Monday, July 6, 2020

Tracy Clark

Tracy Clark is a native Chicagoan who writes mysteries set in her hometown while working as an editor in the newspaper industry. She is a graduate of Mundelein College, where she earned a Bachelor of Arts degree, and the University of Illinois at Chicago, where she earned her MA.

Since reading her first Nancy Drew mystery, Clark has dreamed of crafting mysteries of her own, mysteries that feature strong, intelligent, independent female characters, and those who share their world. Cass Raines, ex-cop turned intrepid PI, is such a character.

Clark's latest novel is What You Don’t See.

My Q&A with the author:

How much work does your title do to take readers into the story?
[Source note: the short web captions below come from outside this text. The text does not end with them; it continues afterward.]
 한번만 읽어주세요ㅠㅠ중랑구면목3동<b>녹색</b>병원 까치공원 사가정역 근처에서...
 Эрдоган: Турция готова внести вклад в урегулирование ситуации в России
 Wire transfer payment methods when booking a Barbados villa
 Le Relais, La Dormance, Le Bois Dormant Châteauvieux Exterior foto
I’ve been lucky so far in choosing titles that my publisher hasn’t wanted to change. A lot of thought went into each of them and each title hints very clearly at what readers will find inside the book, once they flip back the cover (fingers crossed) and dig in. Broken Places refers directly to the main character’s state of being at the start of that story. When we meet Cass Raines she is battered, broken, at a loss, but not defeated. The title’s from a Hemingway quote: “The world breaks everyone and afterwards many are strong at the broken places.” That’s Cass, strong at the broken places. In Borrowed Time, book two in the series, the title is more about the case she’s investigating, and after readers have finished reading, why I selected it becomes clear. What You Don’t See, book three, well, that title does double duty pinging off, I think artfully, both the main and subplot. I think a book starts at the title and cover. Those are grabs one and two. The first page is grab three. If you make it past those points, you’ve got a good shot at holding your reader to take them along on your journey. At least that’s always my hope.

What's in a name?


How surprised would your teenage reader self be by your new novel?
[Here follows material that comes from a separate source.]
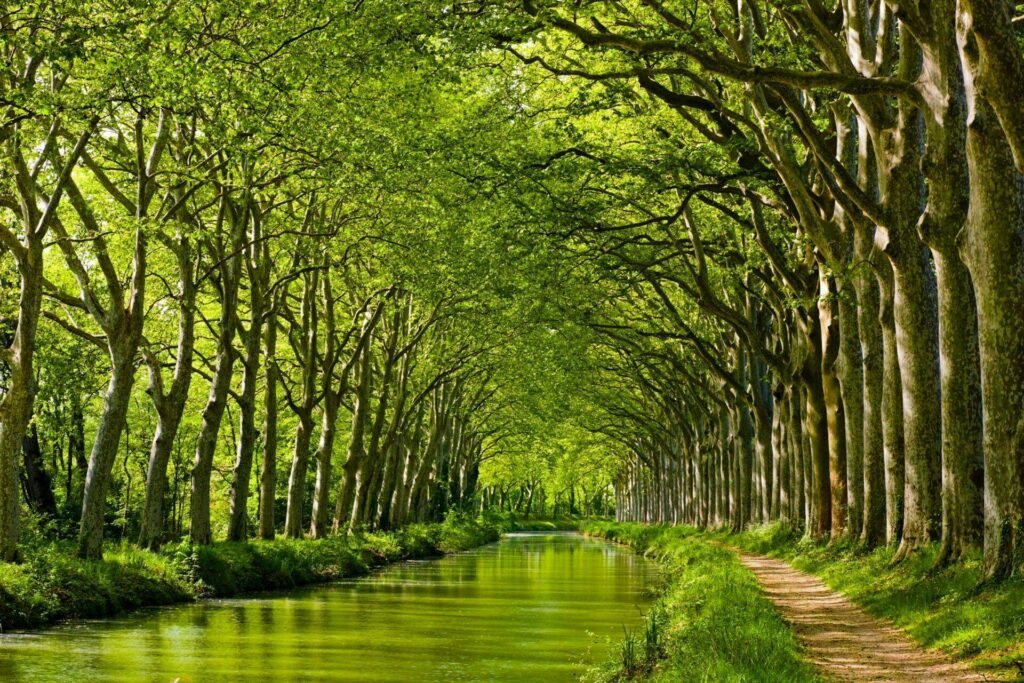 canal du midi autour de toulouse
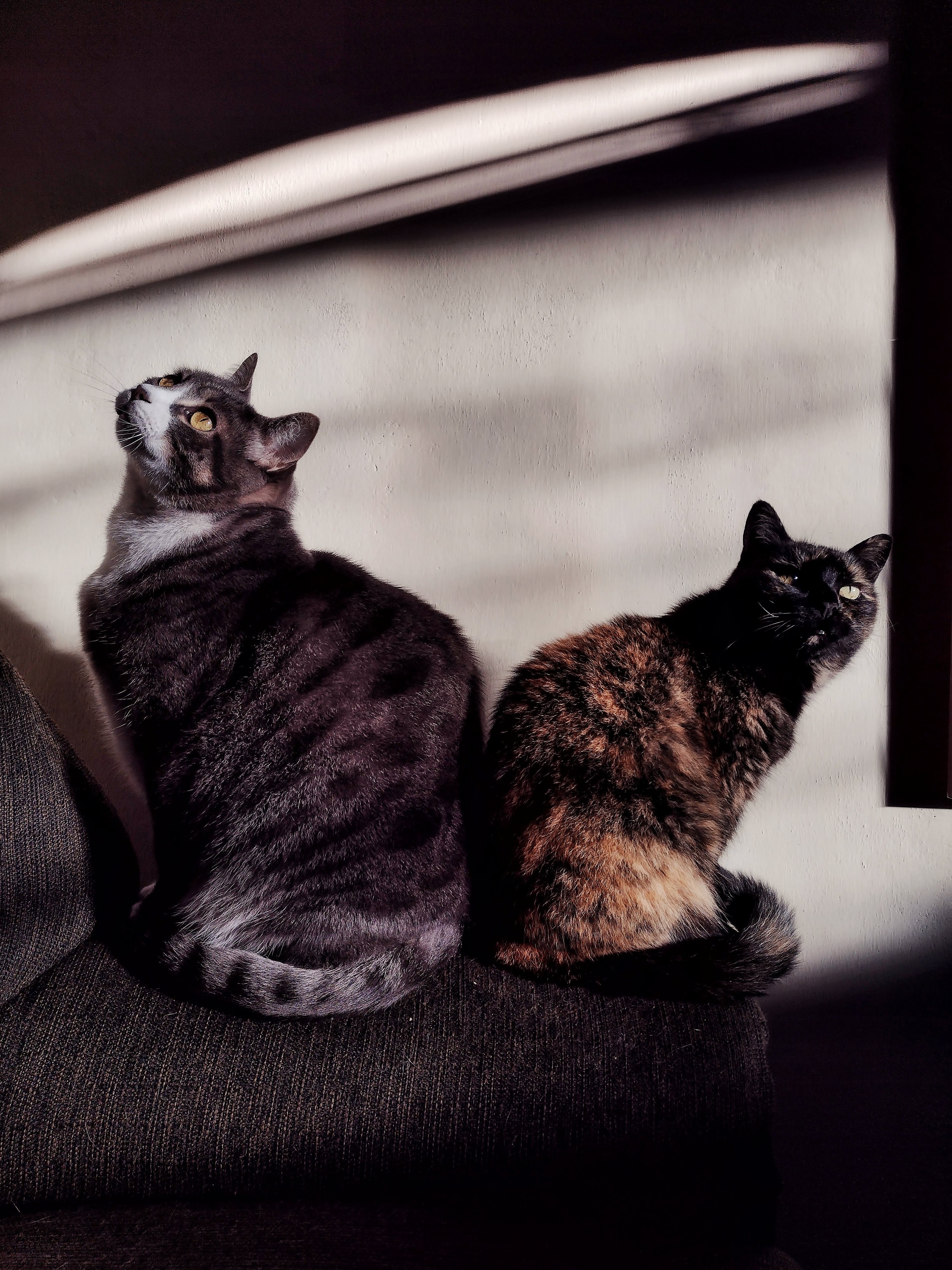 The Cat Whisperer and I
Not a bit surprised. My teenage self always had these twisted little crime stories rattling around in her teenage brain. The pull toward crime fiction, in fact, started way before then. Before I even put pencil to paper to scribble out a story, I worked them out in my head, ran them over and over, or acted them out with my Barbie dolls. Most kids’ Barbies attended tea parties, walked the red carpet or lounged around at the beach. Mine robbed banks, got kidnapped, chased killers, ran from the cops, held up in farm houses and shot their way out, taking it on the lam across three states. I never got that snazzy Barbie Corvette, though it made my Christmas list at least three years straight, so my Barbie peeled out in an old running shoe. Inelegant, but that’s where you really have to use imagination. Never got the Barbie Beach House either, so I built my own, only it had a firehouse pole, a panic room and an escape hatch that led out to the woods in back. Barbie was always the star in these little pre-writing test plays, either as protagonist or antagonist. Ken? Big dud. Way too skittish. A real liability in a shootout. He always took a bullet.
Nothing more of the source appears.